Fintech has enabled the transformation of current finance models and the creation of more efficient tools to handle money matters. Through digital applications which can be controlled by mobile phone, finance is no longer exclusively in the hands of banks. Digital payments, alternative financing and personal finance management places power in the hands of consumers and individuals, who now enjoy a variety of more flexible services tailored to their specific needs.
The coupling of technology and finance in the once-obsolete financial system is showing us that individual empowerment is the new way of doing business. Fintech has created systems which are faster, cheaper and more convenient, so understandably has made customers turn their heads away from the old institutions which had once dominated financial services.
Fintech has been an unstoppable force over the last few years. So far in 2018, the fintech market has already accumulated $41.7billion — up from $39.4bn in 2017, proving the successful trend of taking up consumer-friendly technologies. Last year, 71% of the adult UK population accessed their bank via an online browser or a mobile banking app.
Fintech is a core sector within the Fourth Industrial Revolution, whose main aim is to deploy innovative technologies to give individuals power over their own finances and data.
Key Fintech Drivers:
· Mobile payments
· AI and Machine Learning
· Cryptocurrencies and digital cash
· Smart Contracts
· Data cloud storage
“Innovation is disrupting financial services and opening up new opportunities and experiences to facilitate transactions and promote financial inclusion. The leading companies in fintech are those which develop technologies with strong use cases,” says Stefania Barbaglio, director at Cassiopeia Services, leading PR agency in the blockchain space.

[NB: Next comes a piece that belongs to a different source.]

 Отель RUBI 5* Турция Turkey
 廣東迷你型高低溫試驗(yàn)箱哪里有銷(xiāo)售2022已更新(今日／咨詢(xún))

When taken to a bigger scale, fintech has the power to disrupt entire economies. This scenario is seen especially in developing economies, where bureaucracy and financial exclusion have traditionally prevented certain sections of the population from climbing up the social ladder. Now with fintech in place, many countries are witnessing economic improvements thanks to wider opportunities for people to take care of money and business.
Africa is the land for the fintech revolution to flourish and is showing significant improvements not only at an economic level, but also in improved standards of living and kick-starting of development.
The contribution of the fintech industry to sub-Saharan Africa’s economic output will increase by at least US$40-billion to $150-billion by 2022, according to Financial Sector Deepening Africa. According to Ecobank, the Fintech industry in Africa will be worth more than $3 billion by 2020.
With services like mobile banking, a large part of the population who had always been on the margins of financial inclusion can now access banking services on their mobiles. 57.6% of the world’s 174 million active registered mobile money accounts are located in sub-Saharan Africa
A great example of the transformative power of Fintech is the Kenyan mobile money service M-PESA, which reached 80% of Kenyan households in 4 years. A study found that the mobile money provided by M-PESA lifted as many as 194,000 households — 2% of the Kenyan population — out of poverty.
“Africa has the largest population, resources and potential, yet remains one of the most unbanked regions in the world. There is huge opportunity for fintech to spur economic and societal growth. Technology can streamline and develop financial services and economies towards a more inclusive and equal society” Stefania adds.
Looking at the big picture, fintech has a significant social impact, helping to bring about positive change such as empowerment of individuals and communities over governments and corporations, reduction of financial exclusion, support of SMEs and entrepreneurships, all the while promoting a culture of transparency and accountability.